Initially, it appeared that the remaining suppliers had not been able to fill the vacuum, but, by March, matters had stabilised somewhat, and the total market sales volume of 3 055 units for that month was the best single month outcome recorded since July 2008, when sales of 3 227 units were reported.
In fact, the performance of the aggregated segments above 8 500 kg gross vehicle mass (GVM) for the January to March period revealed year-on-year growth of 3,7 percent, when compared to the same group of segments’ equivalent first quarter performance in 2014.
The market outcome for the first quarter of 2015 has been, to some extent, surprisingly strong, given the generally subdued mood in the local manufacturing community, as reflected in the most recent report and outlook published by the Kagiso Purchasing Manager’s Index.
However, anecdotal evidence suggests that local businesses are currently holding significant cash reserves, and the truck market may well be benefiting from a tendency for operators to utilise this cash for fleet replacement and acquisition activities, rather than investments in bricks and mortar.
Rand exchange rate deterioration against the United States dollar has not been mirrored by similar losses against other truck-sourcing currencies, and interest rates have been holding steady at historically low levels, making vehicle acquisition an attractive proposition.
The EHCV and bus segments have continued to perform well, with the former 1,4 percent ahead of its equivalent first quarter 2014 volume by the end of March, and the latter 3,7 percent ahead in the same comparison.
The EHCV outcome is surprisingly positive, given stated concerns by some suppliers that the recent drop in global commodity prices has impacted on the export volumes moving out of South African mines, which, in turn, has necessitated some diversion of truck tractors normally engaged in mineral transportation to other work.
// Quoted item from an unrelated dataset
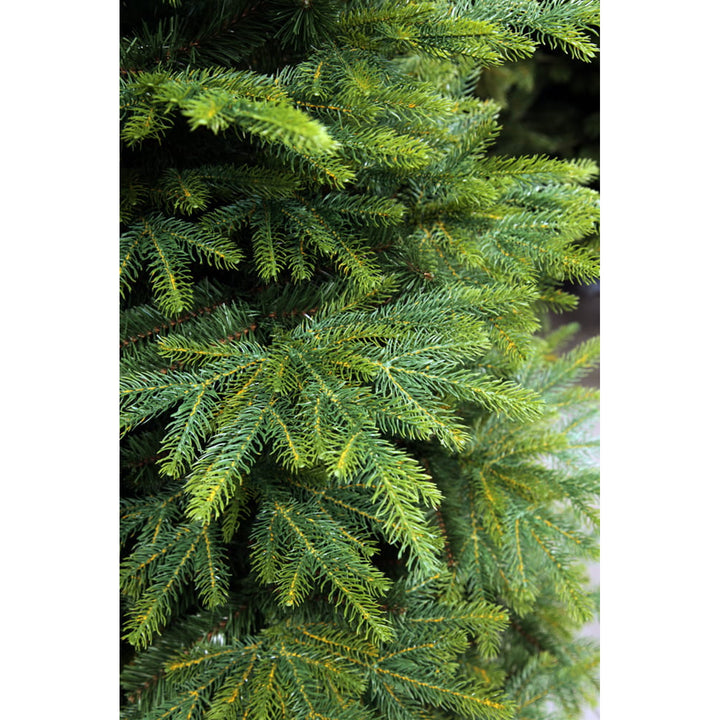 Virpol artificial Christmas tree, Caucasian spruce, metal stand, 190 cm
However, increasing evidence of shortened replacement cycles – to take advantage of the predictable operating overheads provided by maintenance contracts and buyback arrangements – has been evident. This factor should continue to add some impetus to the EHCV segment, in particular, until it becomes standard practice in the industry.
The bus situation has continued to benefit from ongoing deliveries of large-scale orders to local authorities rolling out integrated transport networks and bus rapid transit (BRT) operations.
The premium-payload EHCV segment has maintained its position as the market leader during the first quarter of 2015, having improved its share of the total market from 40,4 percent in the preceding quarter to
43,5 percent in this review period.
Conversely, the entry-level MCV segment fell away slightly, from the 36,8 percent level of market share recorded in the last three months of 2014, to 34,9 percent in the January to March 2015 period. This was mainly due to the supply constraint situation described in the previous section.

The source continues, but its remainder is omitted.